Sayıştay Başkanı M. Vecdi Gönül, Ankara'dan bir 'bürokrat'ın yazdığı ‘‘SAYIŞTAY'ın sıkıntısı’’ (25.2.1998) başlıklı yazının ‘‘Sayıştay'la problemi olan ya da makam sevdasıyla gerçekleri saptıran bir kişinin marifeti olduğunu’’ söyledi. Sayıştay seçimleri arifesinde köşemizde yer alan bu görüşlerin Gönül'ü haklı olarak rencide ettiği görülüyor.

M. Vecdi Gönül açıklamasında sadece, Sayıştay'ın hukuki iç yapısına ve nasıl denetçi alındığına değiniyor. ‘‘Kendi döneminden itibaren Sayıştay sınavlarının ÖSYM'ye yaptırıldığını’’ söylüyor. ‘‘Bu itibarla Sayıştay meslek mensuplarının yazınızda iddia edildiği gibi 'karpuz seçer' gibi seçilmeleri söz konusu değildir’’ diyor. Örneğin, 1994'teki sınava 4424 kişinin katıldığını, sadece 44 kişinin kazandığını, bunların iki yıl boyunca meslek ve yetiştirme kursuna tabi tutulduktan sonra Denetçiliğe atandığını belirterek şöyle diyor Gönül:

‘‘Sayıştay'ın tabi olduğu mevzuat 'kadro doldurmak' amacıyla personel alımına elverişli değildir. Bugün halihazırda 898 meslek mensubu kadrosundan 297'i boş bulunmakta ve bu kadrolara 1994'ten beri Denetçi Yardımcısı alınmamaktadır.

Anılan rakamsal veriler ve 1994 yılından beri sınav açılmamış olması iddiaları gerçeklerden ne derece uzak olduğunun kanıtı olsa gerektir.’’

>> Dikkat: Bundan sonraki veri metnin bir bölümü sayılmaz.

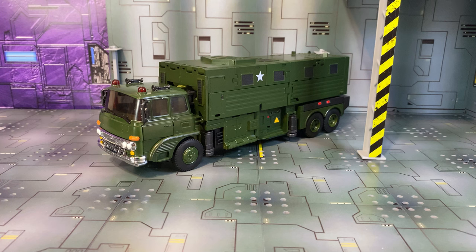Hey everybody, welcome to Review Time with iSlipp. I'm iSlipp and today we are checking out the X-Transbots Bulwark, which is a masterpiece take on Bulkhead.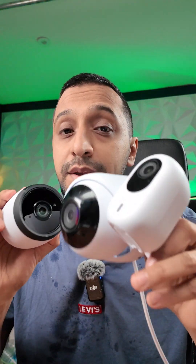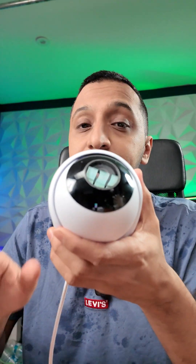Say hello to three brand new cameras from Ubiquiti. This is the G6 series — we have the G6 Bullet, the G6 Instant, and the G6 Turret.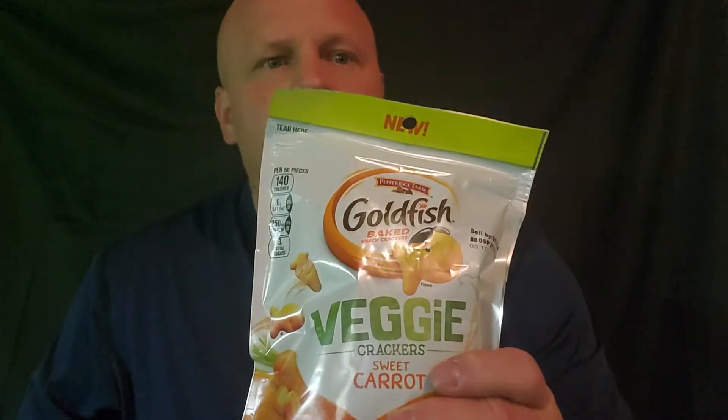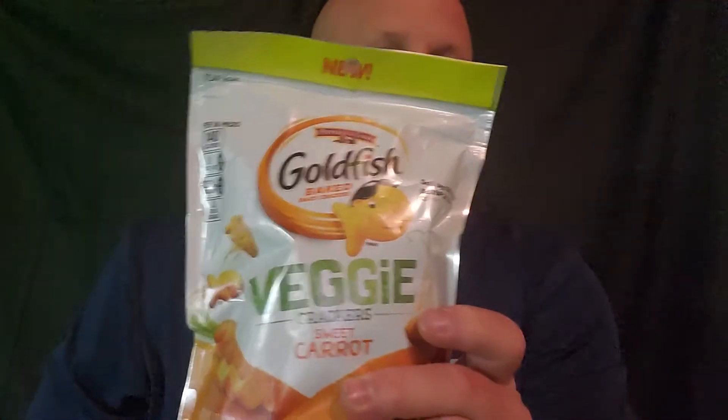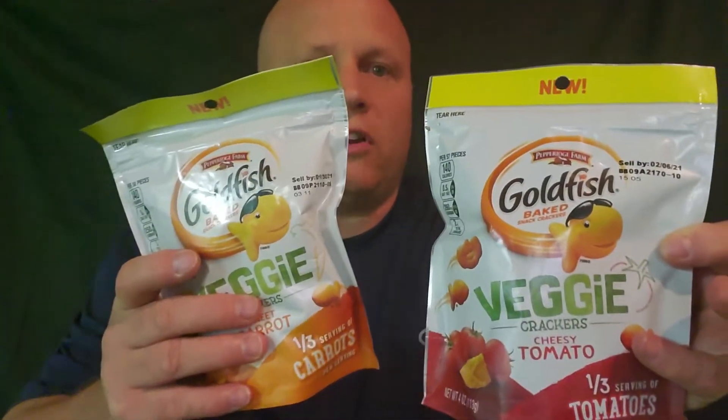So what I want to share with you guys, we're going to do a little taste test, another taste test review. I found these goldfish veggie crackers — sweet carrot flavor and cheesy tomato. Goldfish are really, really popular but this is new. I've never seen the veggie ones.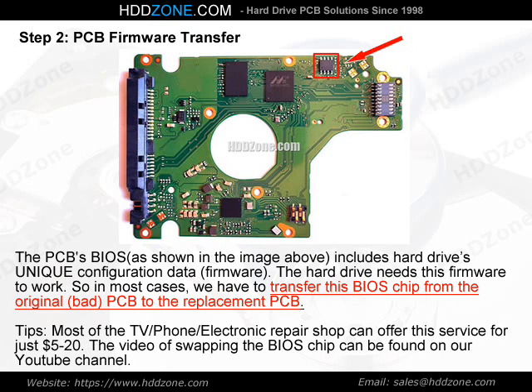Tips: Most TV, phone, and electronics repair shops can offer this BIOS chip transfer service for just $5–$20. A video of swapping the BIOS chip can be found on our YouTube channel.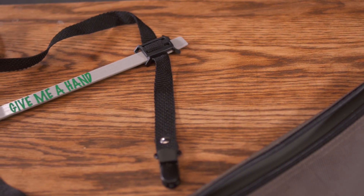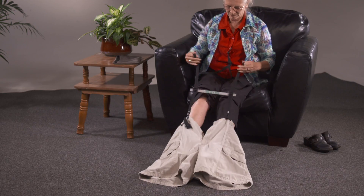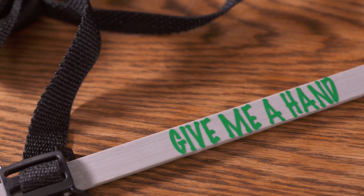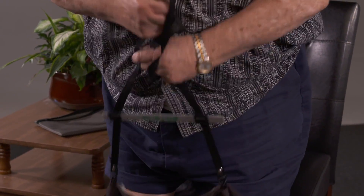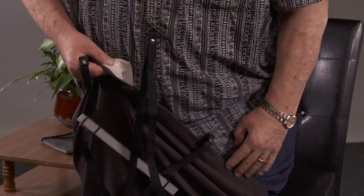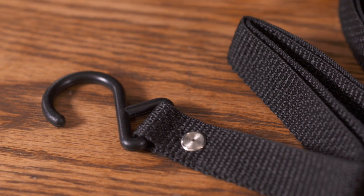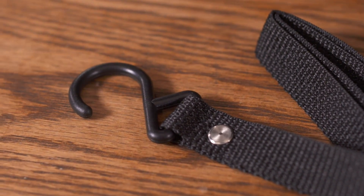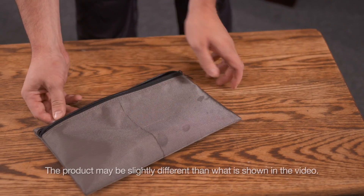If you have difficulty dressing due to surgery, injury, aging, limited range of motion, or other challenges, this video is for you. Give Me A Hand is a dressing device that primarily assists with dressing the lower body. It requires less grip, dexterity, and strength than other dressing devices. Its design features allow hands to be free for additional steps. Since I have back problems, I've used Give Me A Hand for several years and it works great.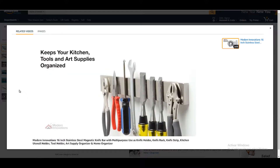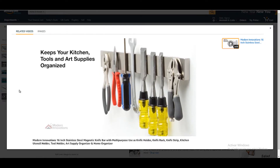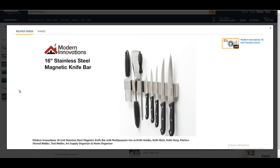The multi-purpose bar is ideal for keeping your kitchen, tools, and art supplies organized. Keep everything you need within arm's reach with a magnetic knife bar.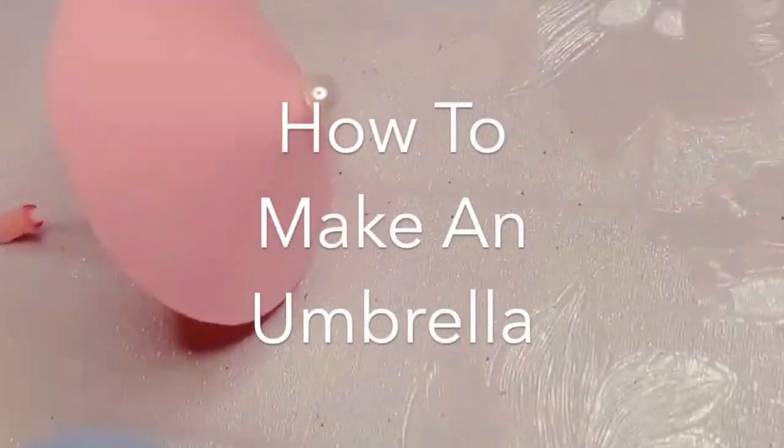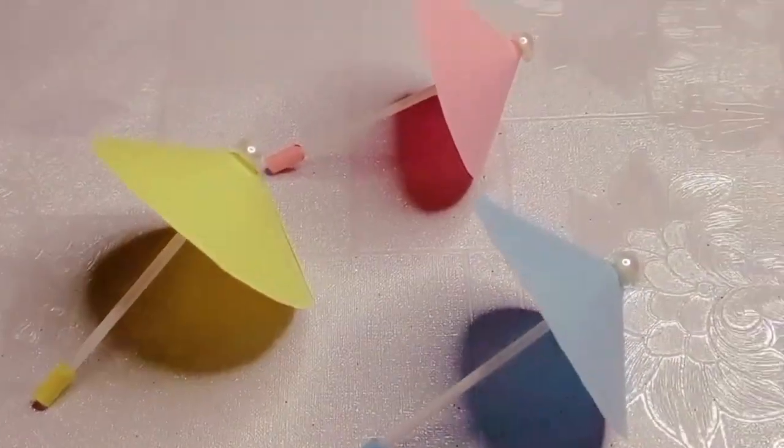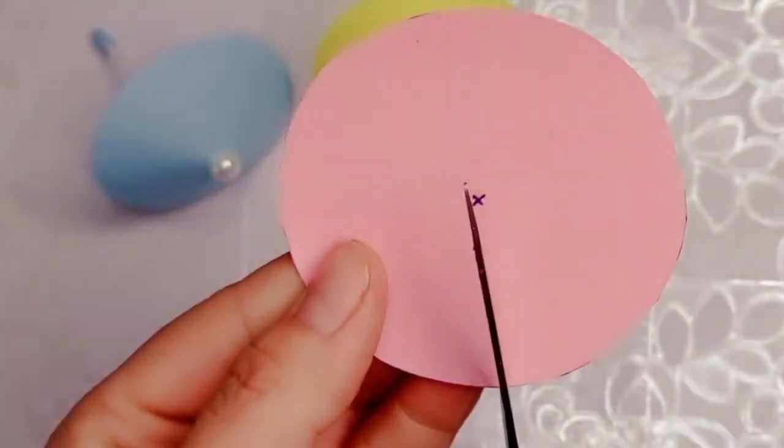Hey everybody, today we're going to be showing you how to make an umbrella. Umbrellas are great for keeping the l*** spit off of you, but they ain't cheap. So what are you going to do? If you're smart and frugal like me, you're going to make your own.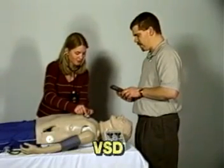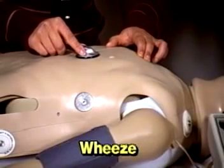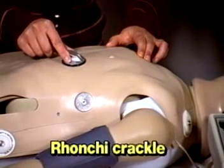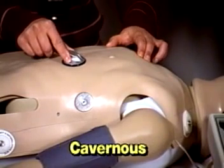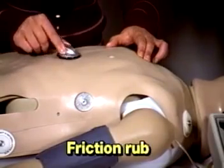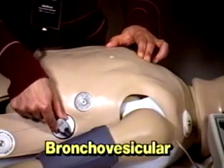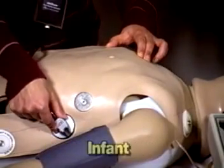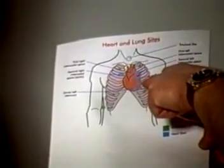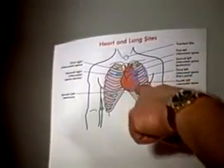The lung sounds that are simulated include normal sounds, wheeze, mono wheeze, fine crackle, ronchi crackle, coarse crackle, cavernous, bronchial, stridor, friction rub, pectoriloquy, egophony, pulmonary edema, bronchovesicular, and infant. There are six heart sites, five anterior lung sites, and two mid-axillary lung sites where sounds can be heard.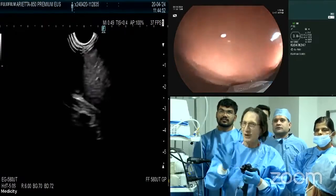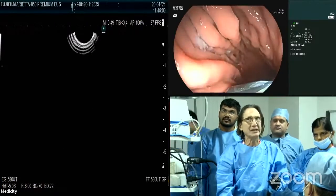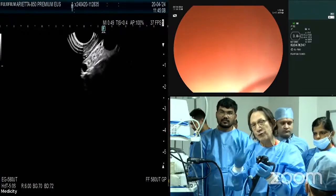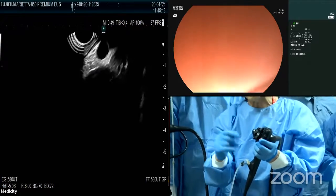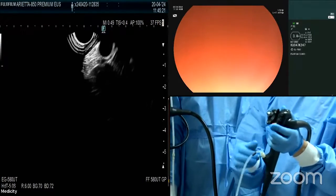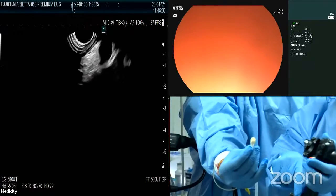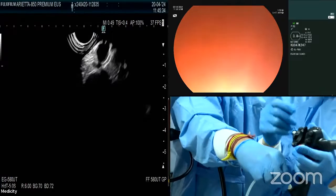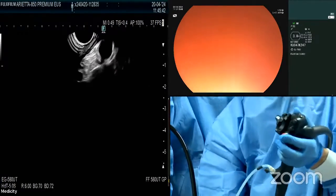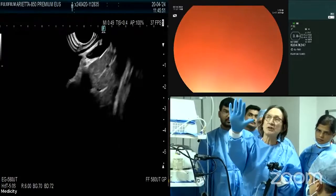Now we need to suck out the gas, because air or gas is our enemy with ultrasound. We orient the tip of the scope towards the fundus, which is to the left. I have a water pump attached to the biopsy channel. The echo endoscope doesn't have a water jet channel, so you need to attach something that allows you to preserve your biopsy port and still irrigate — such as the BioShield from US Endoscopy. Let's now fill the fundus with water — water is our friend. Now switch to the ultrasound view.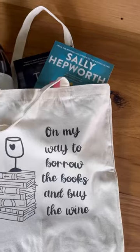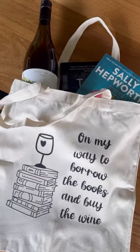You guys know I love borrowing my books from the library and now I have this adorable bag to carry them in — and my wine of course! And if you want to get your DIY on too, you can get your very own Cricut Joy Extra exclusively from Harvey Norman.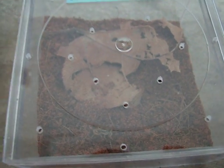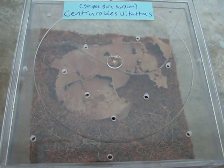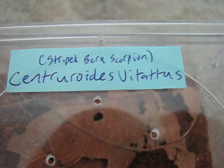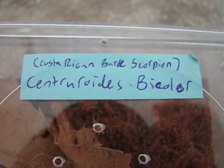I thought I'd do a video on my new baby scorpions. The first one is a striped bark scorpion, or Centruroides vittatus, and the second is a Costa Rican bark scorpion, or Centruroides bicolor.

Sayıştay mensuplarının ilgili yönetmelik gereğince yurtdışına gönderildiğini, yerinde incelemelerin denetçilerin gelişmişlik düzeyine göre usulüne uygun yaptırıldığını belirten Gönül, ‘‘Sayıştay, bağımsız Anayasal bir kuruluştur. Başkan ve üyeleri, Anayasa ve yasalarla azlonulmazlık, emekliye sevk edilmezlik, sadece Yüce Divan'da yargılanmak gibi çeşitli teminatlarla donatılmıştır. Böylesine bağımsız teminatlı bir kurumun başkanın A veya B olmasıyla değişmesi mümkün değildir. Genel ve katma bütçelerin katrilyonlarla ifade edilen tüm gelir ve giderleriyle paha biçilmez mallarını denetlemek durumunda olan denetçiler, onurlu ve haysiyetli kişilerdir; yazıdaki yakışıksız sıfatlara müstahak değildirler. Bunların yazıda belirtilen eylemler içinde olmalarına Başkanlık olarak asla izin verilmez. Yazınızda mensuplarımıza isnat edilen fiiller ceza alanına girmekte olup, Başkanlığımıza bu konuda bir şikâyet ve adli yargıdan herhangi bir olay yansımamış olmakla beraber, şayet varsa bu tür fiilleri işleyenlerin tarafımıza bildirilmesi halinde derhal gereğinin yapılacağı tabiidir.’’

Gönül, Sayıştay'ın çağdaşlaşma süreceğine girdiğini, İngiltere ve Kanada sayıştaylarının da katkılarıyla Dünya Bankası ile müştereken 'Sayıştay Denetiminin Modernizasyon Projesi'nin yürütüldüğünü aktarıyor.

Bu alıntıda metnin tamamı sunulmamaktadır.